**** DATASET SECTION ****

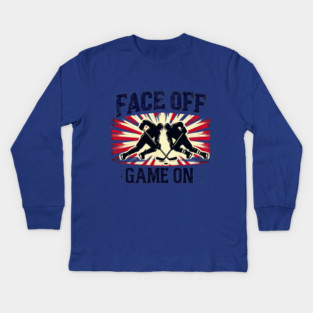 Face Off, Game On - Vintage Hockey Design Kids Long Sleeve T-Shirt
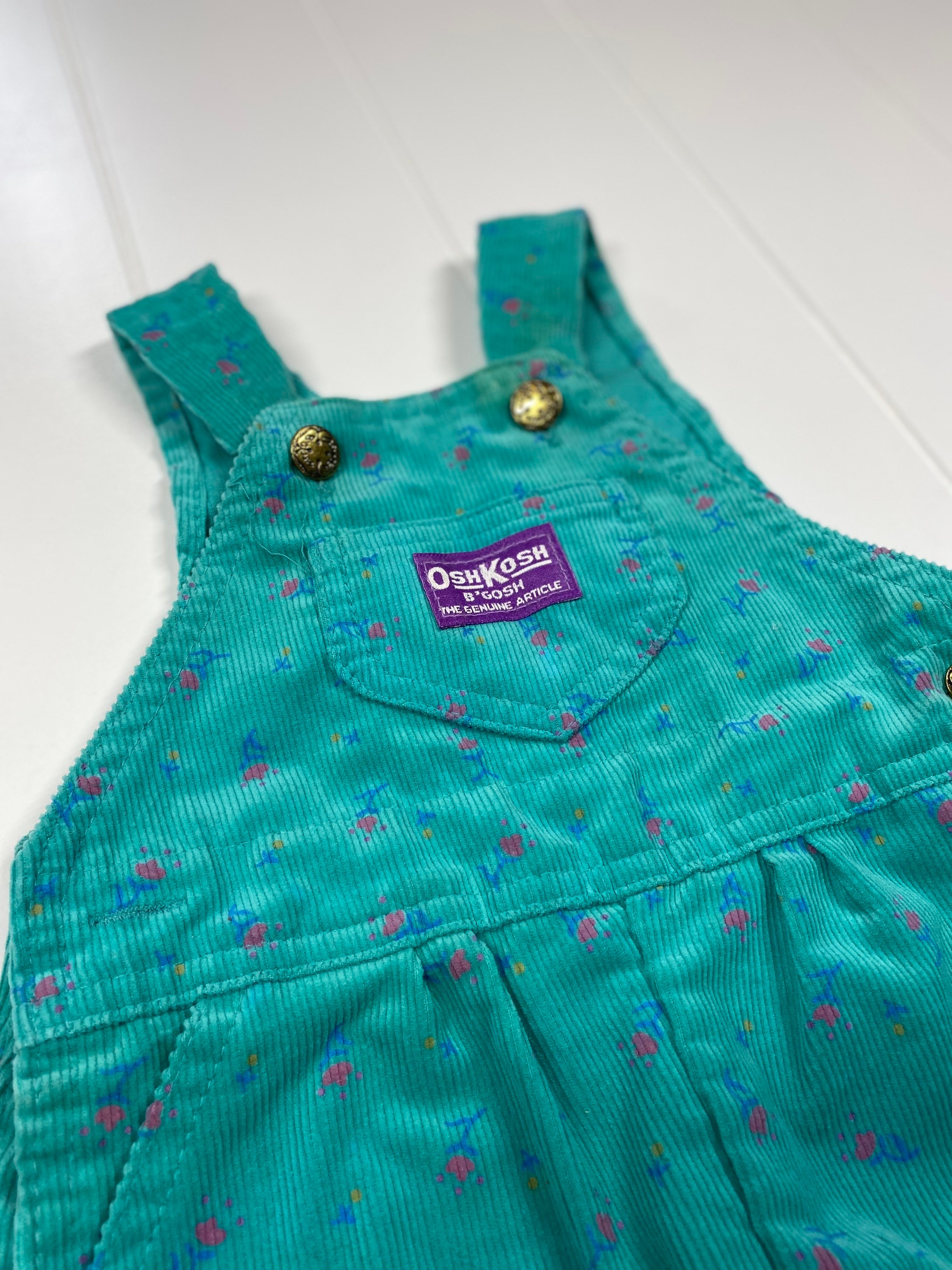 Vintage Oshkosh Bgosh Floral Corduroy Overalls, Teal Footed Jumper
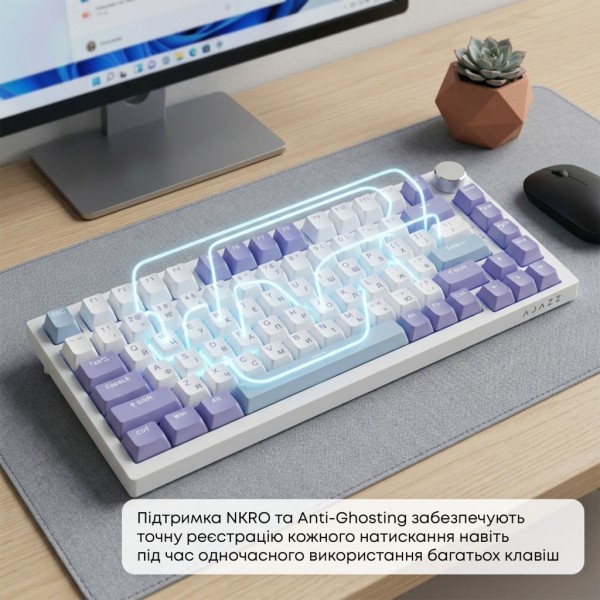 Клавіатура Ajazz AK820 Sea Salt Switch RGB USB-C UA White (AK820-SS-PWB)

****

EXERCISE OBJECTIVE:
Nothing but an exact copy of the data, without its images, should make up your answer.

SOLUTION TO THIS PROBLEM:
 Face Off, Game On - Vintage Hockey Design Kids Long Sleeve T-Shirt
 Vintage Oshkosh Bgosh Floral Corduroy Overalls, Teal Footed Jumper
 Клавіатура Ajazz AK820 Sea Salt Switch RGB USB-C UA White (AK820-SS-PWB)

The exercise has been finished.